_ACTIVITY_
Restate the full listing word for word; images stay out of it.

_INPUT DATA_
-.-.-

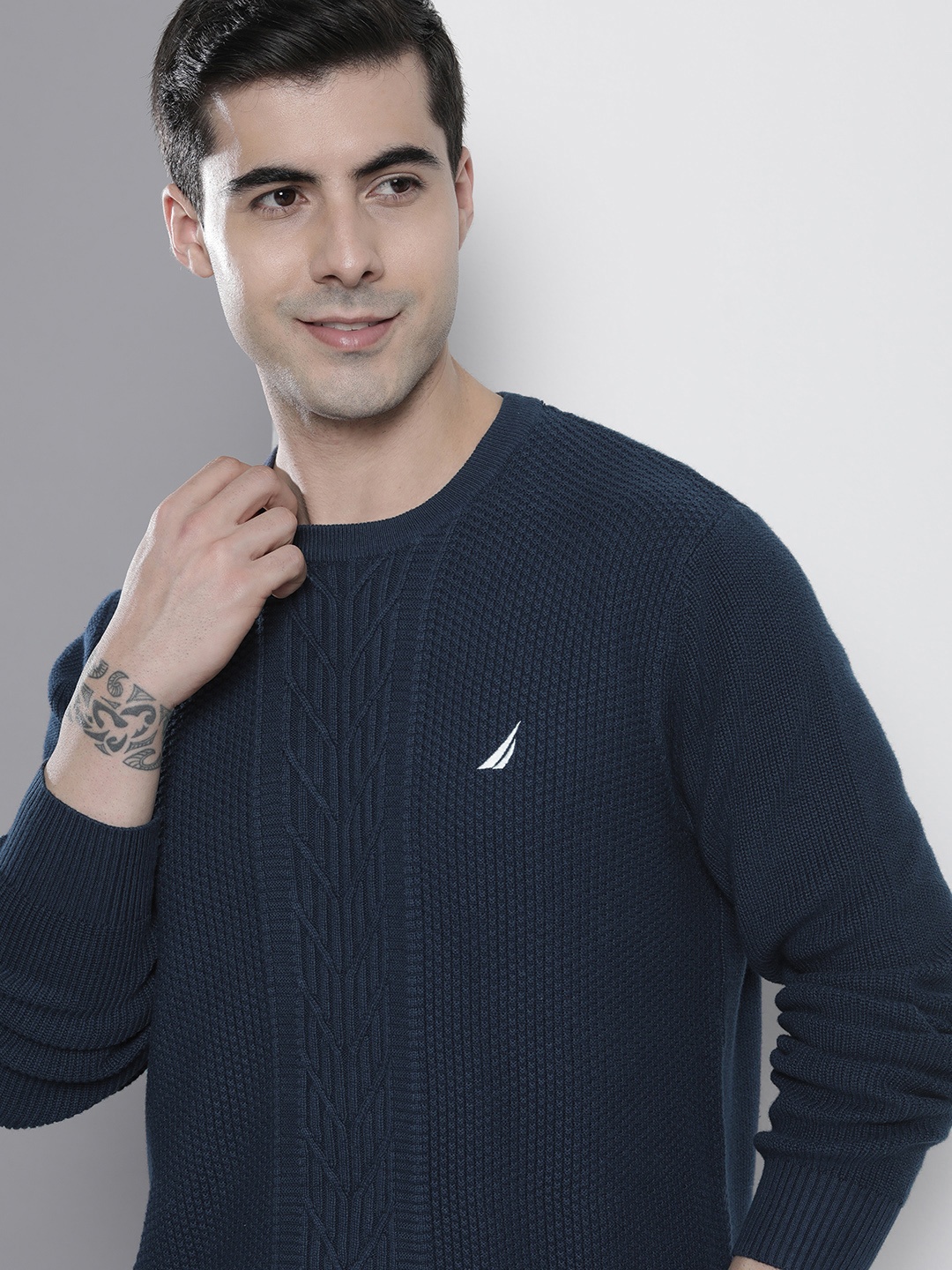 

Nautica Men Cable Knit Pure Cotton Pullover, Navy blue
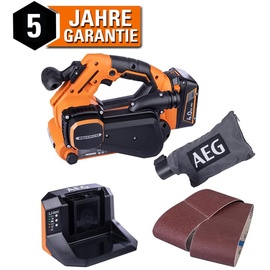 AEG 18V Akku-Bandschleifer BHBS18-75BL Set Brushless Schleifmaschine Schleifer 1x Starter Set 4,0 Ah Akku - Ladegerät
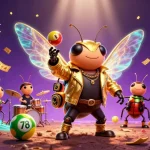 KUBET casino scene featuring a rock star cicada and vibrant casino elements like lottery balls and prize wheels.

-.-.-

_OUTPUT OF THE TASK_
Nautica Men Cable Knit Pure Cotton Pullover, Navy blue
 AEG 18V Akku-Bandschleifer BHBS18-75BL Set Brushless Schleifmaschine Schleifer 1x Starter Set 4,0 Ah Akku - Ladegerät
 KUBET casino scene featuring a rock star cicada and vibrant casino elements like lottery balls and prize wheels.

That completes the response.